(This is from 2006.)

The Real Enemies
By Joe Sobran

In these 20 years American conservatism has changed remarkably. In 1986 I had no inkling of what lay ahead. The Cold War was winding up peacefully and happily, thanks to Ronald Reagan and Pope John Paul II, and I assumed we could turn to the long-deferred business of restoring limited, constitutional government.

At long last, political life could get back to normal.

It seemed a modest enough hope, but yearning for “normality” soon came to seem as utopian as “building socialism.” When Reagan retired, the elder Bush found reasons for war on Panama and Iraq — with the full support of conservatives who should have known better. Then came the Clinton years, then another Bush, who made his father seem like Millard Fillmore.

(And of course I mean that as a compliment to the old man. Don’t make Millard Fillmore jokes around me unless you’re prepared for a heated argument.)

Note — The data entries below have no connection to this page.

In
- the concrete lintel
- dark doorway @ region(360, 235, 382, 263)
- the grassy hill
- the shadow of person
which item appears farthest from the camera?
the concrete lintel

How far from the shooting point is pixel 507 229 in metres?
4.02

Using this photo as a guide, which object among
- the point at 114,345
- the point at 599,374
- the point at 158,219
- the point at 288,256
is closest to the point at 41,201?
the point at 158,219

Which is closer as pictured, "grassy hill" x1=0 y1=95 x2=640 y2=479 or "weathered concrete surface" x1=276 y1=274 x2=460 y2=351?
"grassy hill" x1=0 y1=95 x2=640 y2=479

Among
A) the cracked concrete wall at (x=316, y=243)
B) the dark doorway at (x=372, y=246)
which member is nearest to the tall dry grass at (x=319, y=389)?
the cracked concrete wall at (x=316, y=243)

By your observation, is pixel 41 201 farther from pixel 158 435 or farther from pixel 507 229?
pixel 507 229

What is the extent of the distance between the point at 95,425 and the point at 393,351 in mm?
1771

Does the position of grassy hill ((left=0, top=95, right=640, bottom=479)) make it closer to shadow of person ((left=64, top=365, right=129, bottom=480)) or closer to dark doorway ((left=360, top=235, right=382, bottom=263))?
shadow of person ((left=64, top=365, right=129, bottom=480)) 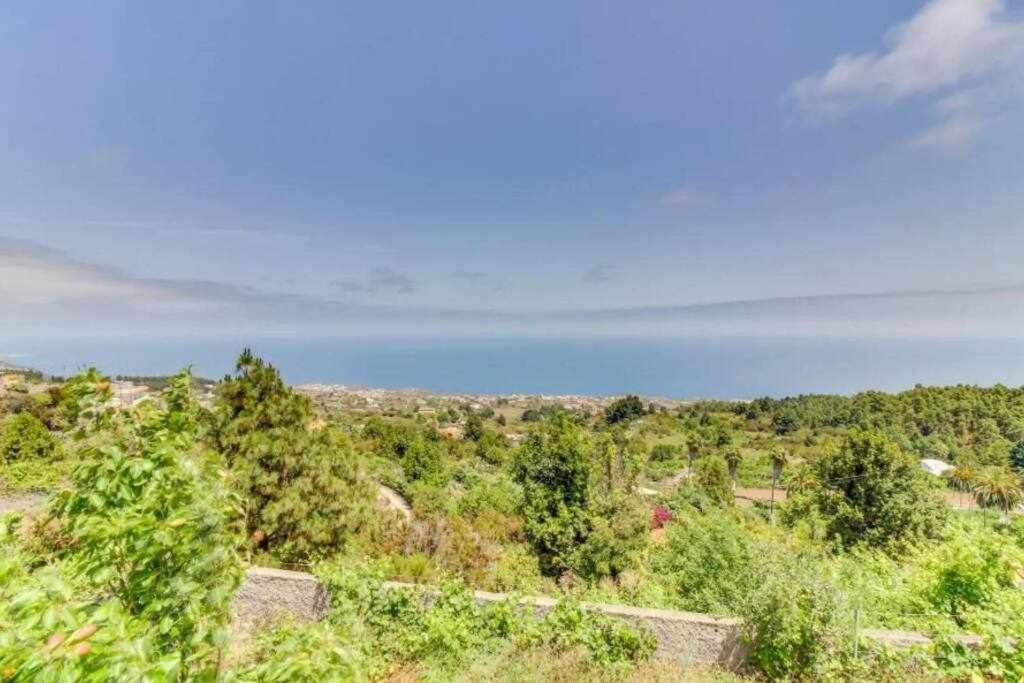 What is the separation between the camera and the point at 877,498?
757 inches

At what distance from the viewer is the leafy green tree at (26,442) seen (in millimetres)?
13695

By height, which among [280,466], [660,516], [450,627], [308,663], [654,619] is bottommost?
[660,516]

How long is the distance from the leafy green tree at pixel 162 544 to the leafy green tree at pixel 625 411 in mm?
79287

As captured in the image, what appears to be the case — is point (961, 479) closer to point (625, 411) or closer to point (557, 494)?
point (557, 494)

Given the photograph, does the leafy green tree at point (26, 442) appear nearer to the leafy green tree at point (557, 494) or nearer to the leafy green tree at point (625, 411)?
the leafy green tree at point (557, 494)

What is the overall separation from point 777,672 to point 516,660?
3165mm

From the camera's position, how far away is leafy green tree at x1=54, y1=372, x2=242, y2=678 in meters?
1.80

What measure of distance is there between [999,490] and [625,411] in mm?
54164

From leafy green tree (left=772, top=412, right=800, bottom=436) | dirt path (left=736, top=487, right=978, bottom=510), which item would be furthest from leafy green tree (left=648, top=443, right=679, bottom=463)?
leafy green tree (left=772, top=412, right=800, bottom=436)

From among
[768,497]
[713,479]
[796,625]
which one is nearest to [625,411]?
[768,497]

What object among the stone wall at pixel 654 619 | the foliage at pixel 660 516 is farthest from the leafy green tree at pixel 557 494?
the stone wall at pixel 654 619

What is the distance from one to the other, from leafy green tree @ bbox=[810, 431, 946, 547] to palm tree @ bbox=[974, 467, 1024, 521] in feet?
54.3

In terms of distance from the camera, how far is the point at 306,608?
7219 millimetres

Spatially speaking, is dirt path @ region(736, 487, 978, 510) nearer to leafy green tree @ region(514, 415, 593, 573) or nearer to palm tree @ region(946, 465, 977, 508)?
palm tree @ region(946, 465, 977, 508) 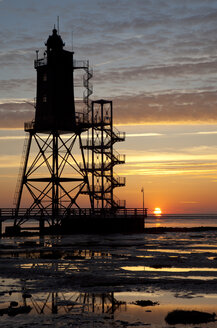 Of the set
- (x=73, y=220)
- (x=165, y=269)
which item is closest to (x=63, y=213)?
(x=73, y=220)

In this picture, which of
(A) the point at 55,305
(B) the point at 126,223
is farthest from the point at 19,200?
(A) the point at 55,305

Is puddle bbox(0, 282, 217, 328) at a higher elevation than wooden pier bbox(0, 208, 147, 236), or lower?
lower

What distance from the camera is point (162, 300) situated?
739 inches

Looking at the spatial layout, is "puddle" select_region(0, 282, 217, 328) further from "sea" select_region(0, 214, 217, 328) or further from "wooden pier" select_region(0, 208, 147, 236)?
"wooden pier" select_region(0, 208, 147, 236)

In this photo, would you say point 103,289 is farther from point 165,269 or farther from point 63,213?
point 63,213

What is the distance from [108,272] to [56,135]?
126ft

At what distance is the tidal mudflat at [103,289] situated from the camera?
16141mm

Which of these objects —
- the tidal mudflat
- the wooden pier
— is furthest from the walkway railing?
the tidal mudflat

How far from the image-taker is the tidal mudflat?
16.1 meters

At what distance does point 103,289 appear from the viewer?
21.0m

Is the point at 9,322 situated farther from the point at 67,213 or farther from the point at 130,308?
the point at 67,213

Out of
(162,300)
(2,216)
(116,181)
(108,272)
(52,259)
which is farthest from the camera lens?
(116,181)

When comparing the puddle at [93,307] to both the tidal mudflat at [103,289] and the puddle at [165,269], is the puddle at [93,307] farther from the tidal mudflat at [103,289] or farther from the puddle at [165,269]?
the puddle at [165,269]

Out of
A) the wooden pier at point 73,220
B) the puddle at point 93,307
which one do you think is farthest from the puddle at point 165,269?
the wooden pier at point 73,220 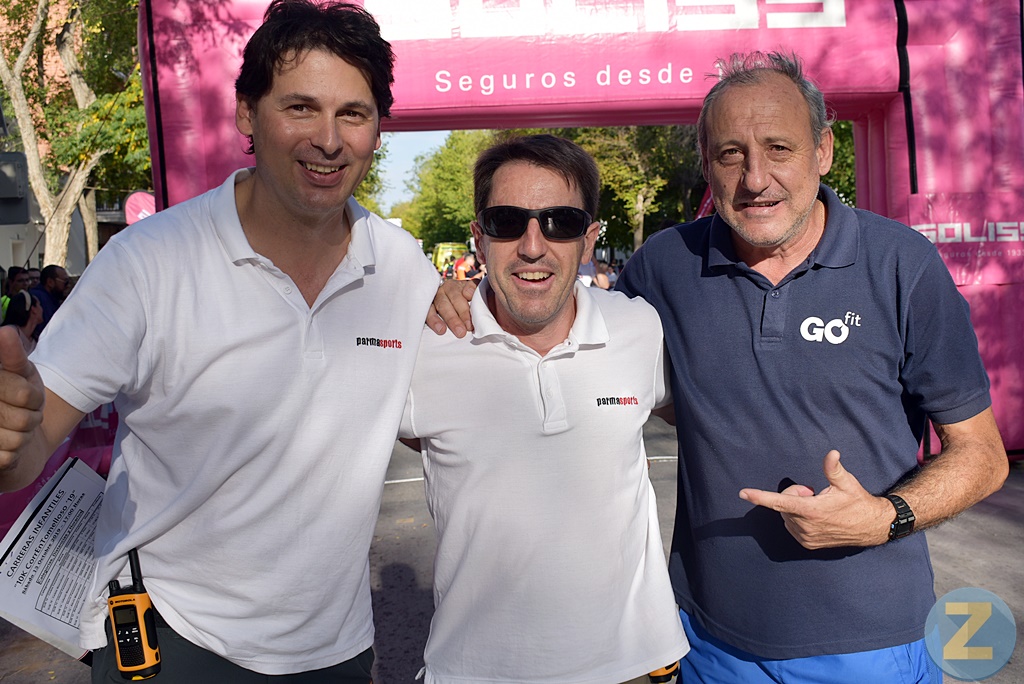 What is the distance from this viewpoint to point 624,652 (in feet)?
6.75

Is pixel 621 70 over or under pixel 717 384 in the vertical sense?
over

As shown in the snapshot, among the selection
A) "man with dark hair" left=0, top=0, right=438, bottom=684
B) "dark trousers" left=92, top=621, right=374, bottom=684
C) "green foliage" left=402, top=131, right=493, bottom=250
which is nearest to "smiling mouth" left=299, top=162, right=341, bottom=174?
"man with dark hair" left=0, top=0, right=438, bottom=684

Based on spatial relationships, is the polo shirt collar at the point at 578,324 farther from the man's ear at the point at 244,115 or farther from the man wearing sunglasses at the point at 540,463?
the man's ear at the point at 244,115

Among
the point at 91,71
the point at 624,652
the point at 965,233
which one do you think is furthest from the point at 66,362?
the point at 91,71

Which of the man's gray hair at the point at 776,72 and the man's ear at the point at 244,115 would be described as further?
the man's gray hair at the point at 776,72

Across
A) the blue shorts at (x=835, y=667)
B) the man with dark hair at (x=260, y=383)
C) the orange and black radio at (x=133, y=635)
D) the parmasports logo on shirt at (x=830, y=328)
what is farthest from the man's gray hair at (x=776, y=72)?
the orange and black radio at (x=133, y=635)

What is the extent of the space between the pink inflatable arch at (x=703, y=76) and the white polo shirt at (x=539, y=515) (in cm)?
459

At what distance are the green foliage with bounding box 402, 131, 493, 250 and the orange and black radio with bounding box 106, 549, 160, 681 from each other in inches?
1899

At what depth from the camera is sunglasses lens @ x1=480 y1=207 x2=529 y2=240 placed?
7.31ft

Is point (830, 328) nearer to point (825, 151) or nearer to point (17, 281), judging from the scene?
point (825, 151)

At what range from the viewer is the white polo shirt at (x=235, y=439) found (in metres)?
1.88

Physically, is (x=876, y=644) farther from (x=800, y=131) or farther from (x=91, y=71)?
(x=91, y=71)

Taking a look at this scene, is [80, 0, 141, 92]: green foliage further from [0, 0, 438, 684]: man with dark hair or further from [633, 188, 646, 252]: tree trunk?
[633, 188, 646, 252]: tree trunk

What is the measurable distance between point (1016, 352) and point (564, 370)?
5.94 m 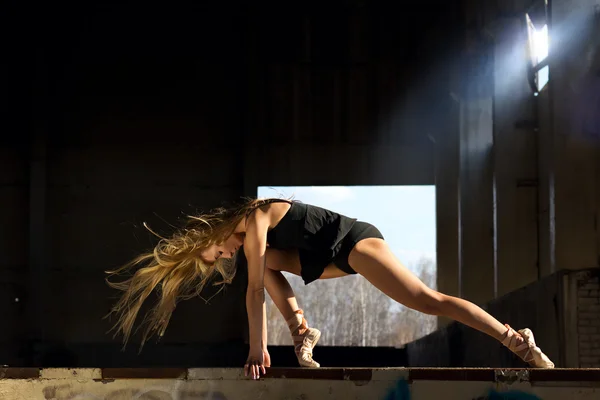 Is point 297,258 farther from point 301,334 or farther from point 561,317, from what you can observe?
point 561,317

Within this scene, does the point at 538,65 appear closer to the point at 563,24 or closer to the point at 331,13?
the point at 563,24

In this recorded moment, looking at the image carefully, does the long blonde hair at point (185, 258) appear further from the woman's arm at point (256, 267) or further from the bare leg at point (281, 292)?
the bare leg at point (281, 292)

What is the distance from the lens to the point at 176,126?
21.1 metres

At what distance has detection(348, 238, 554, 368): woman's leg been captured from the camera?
5.32 meters

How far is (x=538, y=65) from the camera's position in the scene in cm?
1472

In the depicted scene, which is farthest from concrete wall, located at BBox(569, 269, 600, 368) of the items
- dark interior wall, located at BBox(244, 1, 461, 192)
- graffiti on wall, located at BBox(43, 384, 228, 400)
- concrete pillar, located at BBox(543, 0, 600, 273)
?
dark interior wall, located at BBox(244, 1, 461, 192)

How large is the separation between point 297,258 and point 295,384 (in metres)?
0.95

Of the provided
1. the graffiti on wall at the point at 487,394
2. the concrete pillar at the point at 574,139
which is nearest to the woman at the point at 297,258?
the graffiti on wall at the point at 487,394

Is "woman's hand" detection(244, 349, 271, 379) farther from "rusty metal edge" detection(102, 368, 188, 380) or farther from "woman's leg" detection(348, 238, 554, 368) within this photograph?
"woman's leg" detection(348, 238, 554, 368)

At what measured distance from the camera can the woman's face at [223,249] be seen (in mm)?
5410

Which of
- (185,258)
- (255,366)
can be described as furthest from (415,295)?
(185,258)

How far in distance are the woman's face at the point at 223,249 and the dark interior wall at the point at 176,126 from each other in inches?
583

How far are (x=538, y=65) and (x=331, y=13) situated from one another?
725 cm

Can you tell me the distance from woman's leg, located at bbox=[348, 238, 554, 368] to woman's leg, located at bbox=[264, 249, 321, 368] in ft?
1.42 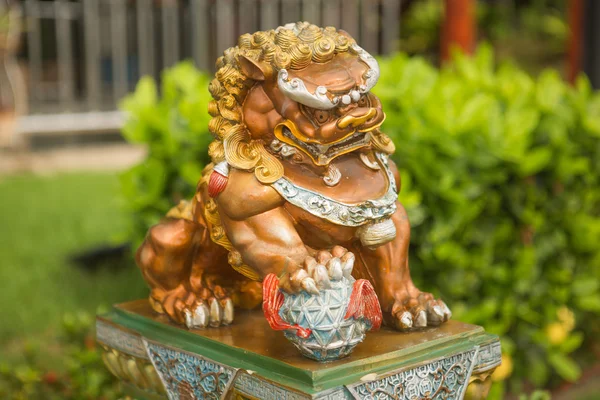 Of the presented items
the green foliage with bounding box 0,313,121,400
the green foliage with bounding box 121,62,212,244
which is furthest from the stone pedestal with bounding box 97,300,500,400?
the green foliage with bounding box 121,62,212,244

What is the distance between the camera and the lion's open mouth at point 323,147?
1.60 meters

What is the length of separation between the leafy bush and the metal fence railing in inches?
195

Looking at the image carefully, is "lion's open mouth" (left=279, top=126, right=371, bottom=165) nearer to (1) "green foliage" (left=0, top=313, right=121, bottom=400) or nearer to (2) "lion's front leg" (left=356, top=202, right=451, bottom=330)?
(2) "lion's front leg" (left=356, top=202, right=451, bottom=330)

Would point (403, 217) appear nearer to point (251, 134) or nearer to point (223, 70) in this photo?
point (251, 134)

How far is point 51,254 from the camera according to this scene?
5.14 meters

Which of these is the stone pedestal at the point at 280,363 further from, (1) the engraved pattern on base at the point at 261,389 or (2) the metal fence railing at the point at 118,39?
(2) the metal fence railing at the point at 118,39

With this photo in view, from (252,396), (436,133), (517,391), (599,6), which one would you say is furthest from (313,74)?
(599,6)

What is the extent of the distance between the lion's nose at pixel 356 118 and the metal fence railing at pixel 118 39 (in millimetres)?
6969

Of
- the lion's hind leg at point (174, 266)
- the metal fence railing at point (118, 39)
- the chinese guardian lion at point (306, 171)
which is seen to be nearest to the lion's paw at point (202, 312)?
the lion's hind leg at point (174, 266)

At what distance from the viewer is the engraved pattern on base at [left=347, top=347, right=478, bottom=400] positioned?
1.56 m

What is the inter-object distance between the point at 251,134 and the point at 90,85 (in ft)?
23.4

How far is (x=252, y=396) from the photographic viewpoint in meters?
1.60

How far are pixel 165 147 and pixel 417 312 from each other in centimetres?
175

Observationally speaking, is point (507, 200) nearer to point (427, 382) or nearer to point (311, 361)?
point (427, 382) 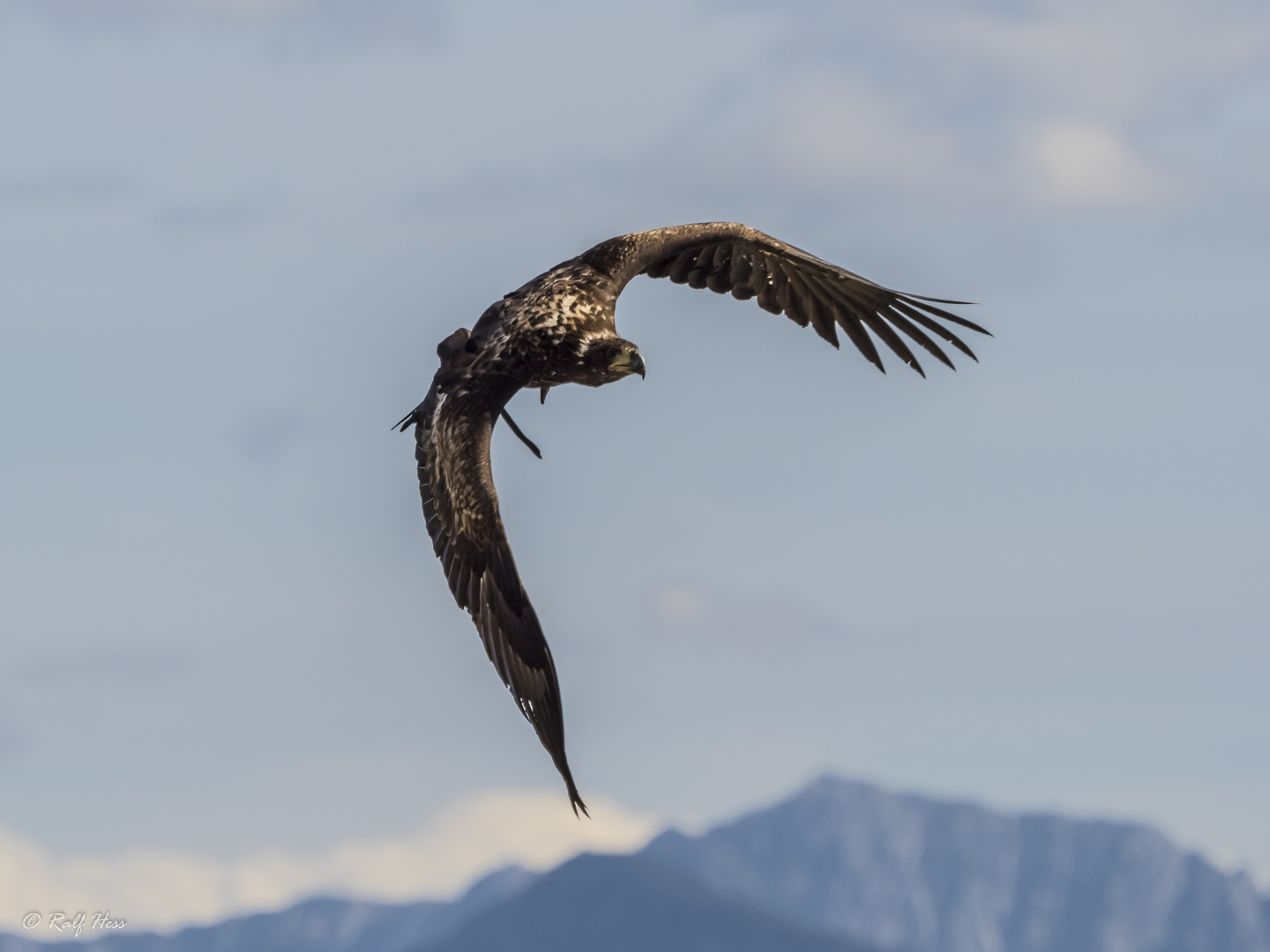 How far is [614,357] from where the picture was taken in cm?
1838

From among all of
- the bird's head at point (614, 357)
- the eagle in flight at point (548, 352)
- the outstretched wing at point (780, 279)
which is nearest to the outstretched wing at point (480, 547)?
the eagle in flight at point (548, 352)

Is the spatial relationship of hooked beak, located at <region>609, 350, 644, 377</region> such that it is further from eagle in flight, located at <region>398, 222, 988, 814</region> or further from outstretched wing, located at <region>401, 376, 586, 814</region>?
outstretched wing, located at <region>401, 376, 586, 814</region>

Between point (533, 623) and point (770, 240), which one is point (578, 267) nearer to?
point (770, 240)

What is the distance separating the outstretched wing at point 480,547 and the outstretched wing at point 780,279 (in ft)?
12.1

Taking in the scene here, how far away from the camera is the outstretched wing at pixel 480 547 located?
16188 mm

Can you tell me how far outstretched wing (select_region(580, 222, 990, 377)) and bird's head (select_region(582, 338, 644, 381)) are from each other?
245 cm

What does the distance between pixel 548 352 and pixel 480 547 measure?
2.46m

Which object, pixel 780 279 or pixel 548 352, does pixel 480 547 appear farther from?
pixel 780 279

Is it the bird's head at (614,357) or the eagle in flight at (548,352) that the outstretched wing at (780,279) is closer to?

One of the baneful side effects of the Cold War was to make “peace” sound like a left-wing cause and to identify conservatism with war. But warlike habits proved hard to break, and with the Soviet enemy gone, conservatives found new enemies who didn’t threaten the United States at all.

The real threat, I firmly believed, was unconstitutional government, which always thrives on war. Our real enemies were not in Baghdad, but in Washington.

Alas, this idea, which Thomas Jefferson would have understood at once, was hard to sell to conservatives. To them, even the Polish Pope, whom they had once rightly hailed as Communism’s deadliest foe, seemed suspiciously like a “peacenik.”

And so, over these 20 years, I have gradually broken my ties with the conservative movement and rediscovered an older conservatism of peace. Today’s conservatives, adopting the lingo of yesterday’s liberals, curse that tradition as “isolationism,” and I have even found myself accused of being a liberal! A new experience for me.

But some people don’t know what else to call someone who opposes a war. It hardly seems to matter what the war is about. People who used to damn Big Government up and down forget all their ancient reservations about it whenever Big Government makes Big War.

This is odd on its face. By its very nature, war is the opposite of conservative. It destroys.

I got one of the shocks of my life in 1981 when I visited Berlin and walked among some of the preserved buildings, where German civilians had once lived, that had been hit by American bombers.

I didn’t become a “peacenik” on the spot, but it gave me a strange new feeling about my country — not exactly shame, but not pride, either. Just a terrible regret to think of the innocent people who had died where I was standing.

In some obscure way I felt responsible. Not guilty, but responsible, in the sense that I must try to prevent such things from happening again, insofar as I could have any influence at all. In that terrible past I began to find my future.

I was 35 then, which seems very young now. The shock was quiet; I didn’t feel like talking about it, didn’t even know what to say about it, and felt no desire to recriminate. Blaming wouldn’t help anyone; our duty now was healing old wounds and preventing a recurrence.

Even if fighting that war was a duty, how can anyone celebrate it without feeling pity for the millions who died in it? “O horror, horror, horror! Tongue nor heart cannot conceive nor name thee!”

If I can excite even a little horror of war in my fellow conservatives, I will feel that my long career has not been entirely wasted.

To this day, I find it impossible to look back on World War II with pride or pleasure, let alone admiration for the men who wanted it. I do venerate the two great Popes, Pius XI and Pius XII, who saw it coming and pled for peace.

They are the true war heroes. Blessed are the peaceniks.